特に注目されるのは、第13次発掘調査で発掘された玉石敷遺構が、いわゆる枯山水のような庭園であった可能性が高いといわれていることです。戦国時代に活躍した連歌師・里村紹巴が、1567(永禄10)年に、執筆したとされた紀行文『富士見道記』にも、小牧山城に完成した庭を祝う連歌会の発句を務めたとの記述があります。

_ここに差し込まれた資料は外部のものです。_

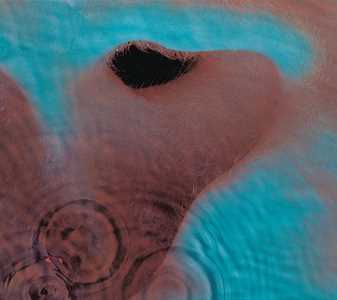 CD Meddle (4 panel softpack / 12 page booklet) Pink Floyd
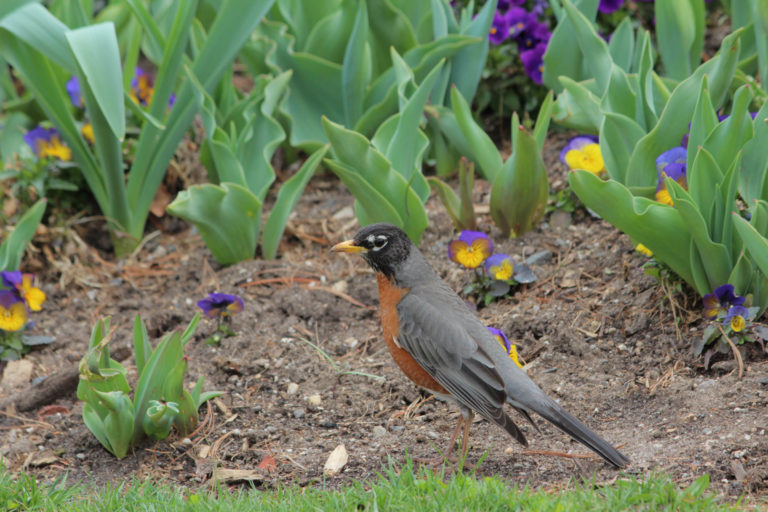 suet in spring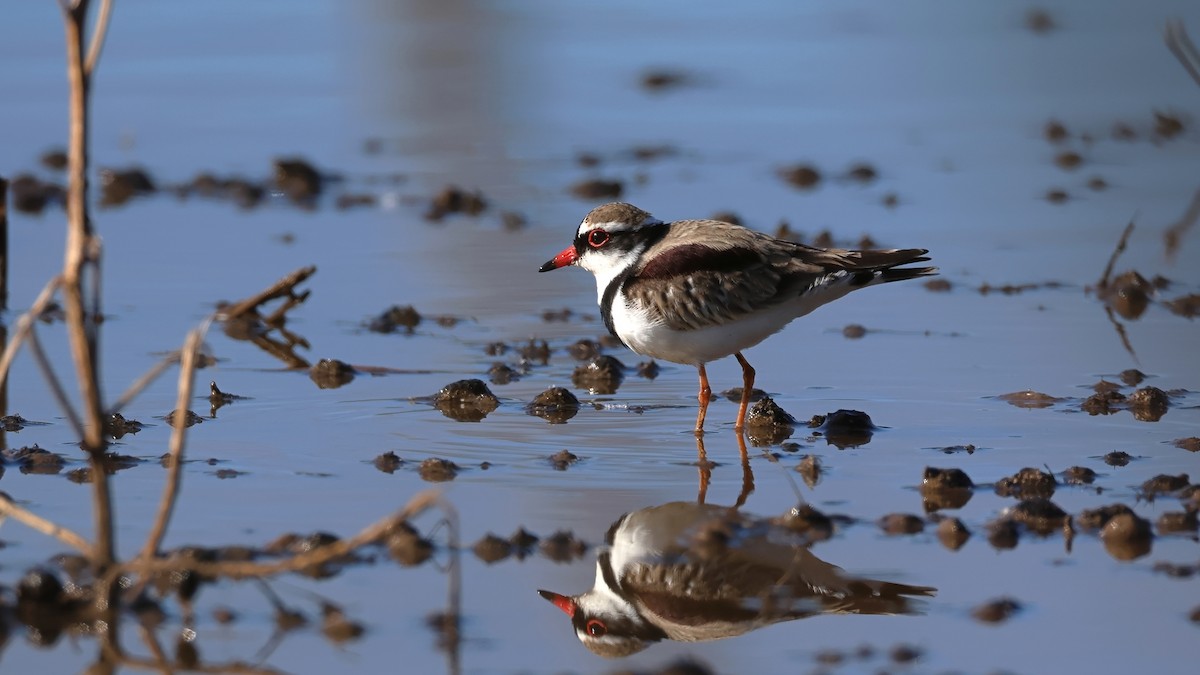 Black-fronted Dotterel - ML636463429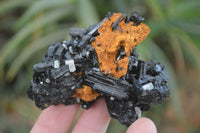 Natural Medium Sized Schorl / Black Tourmaline Specimens x 6 From Erongo, Namibia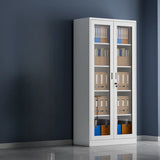 Vertical Steel Glass Door Grey Filing Cabinet Storage Image - 3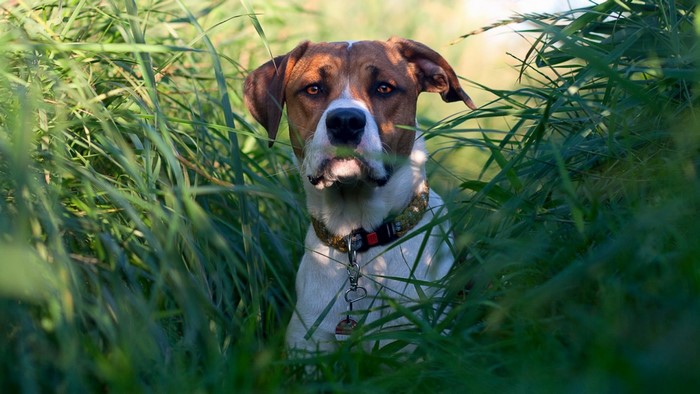 Dog sitting in tall green grass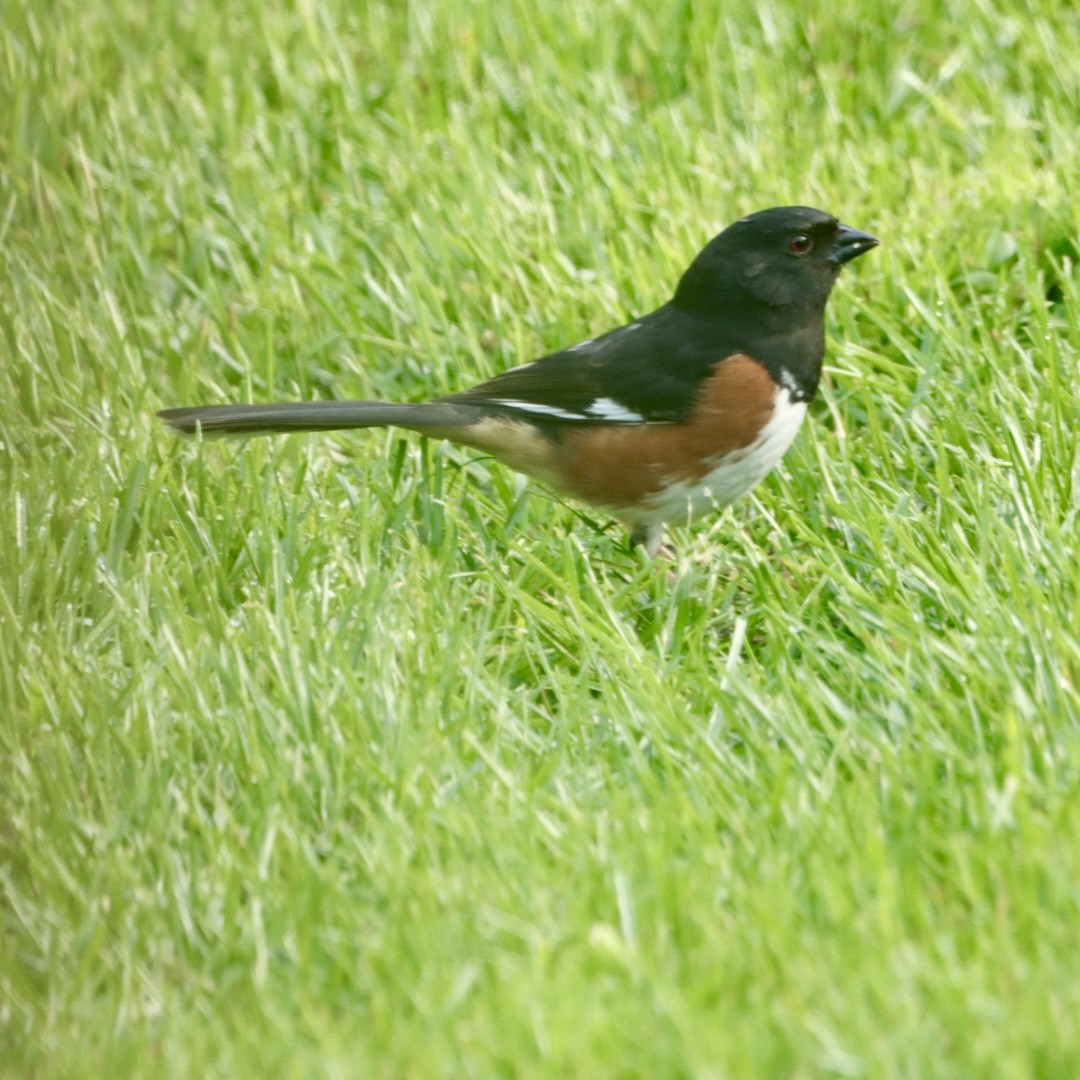 Eastern Towhee - Leslie Steinberger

戦うための城であれば、庭園など必要ないはず。また、小牧山城の発掘調査で、山頂の主格部から当時の化粧に使う鉄漿(おはぐろ)皿が出てきたことから、高貴な女性が住んでいたと推測されているのです。これが久菴桂昌ではないかと言われており、嫡男を生んだ彼女は、当時、正室に近い扱いを受け、特別待遇を受けていたとも考えられます。

86mの小牧山山頂に上がると、どこまでも続く濃尾平野を見渡せます。発掘調査でもわかってきましたが、出城として見るには、あまりに攻めやすく、砦となる要素に乏しいと感じてしまいます。信長の居城であったとの説もありますが、私などは久菴桂昌との終の棲家(ついのすみか)としての意味合いが大きかったのではと思ってしまうのです。

それほど、小牧山城からの夕日の眺めは素晴らしく、木々のざわめきを聞く度に、ここで織田信長が彼女とつかの間の暮らしを味わい、この景観を眺めていたのではないかと想像するだけで、ロマンチックな気分に浸ってしまいます。戦国時代という明日をも分からない人生を生き抜いた信長と久菴桂昌。共に短い人生でしたが、小牧山の美しい自然の中で安らいだ日々もあったのではないでしょうか。信長が好んで舞ったとされる『敦盛』の「人間五十年、下天の内をくらぶれば、夢幻の如くなり」と謡われるように、人生の儚さをしみじみと感じてしまいます。


一つの歴史が幕を閉じることも世のうつろいであり、仕方のないことかもしれません。でもそこにこういった史実があったことは記憶にとどめておきたいものです。小牧山城にももうすぐ満開の桜が咲きます。一時の美しさではありますが、天界からこの光景を信長と久菴桂昌が眺めていてくれたらと思わずにはいられません。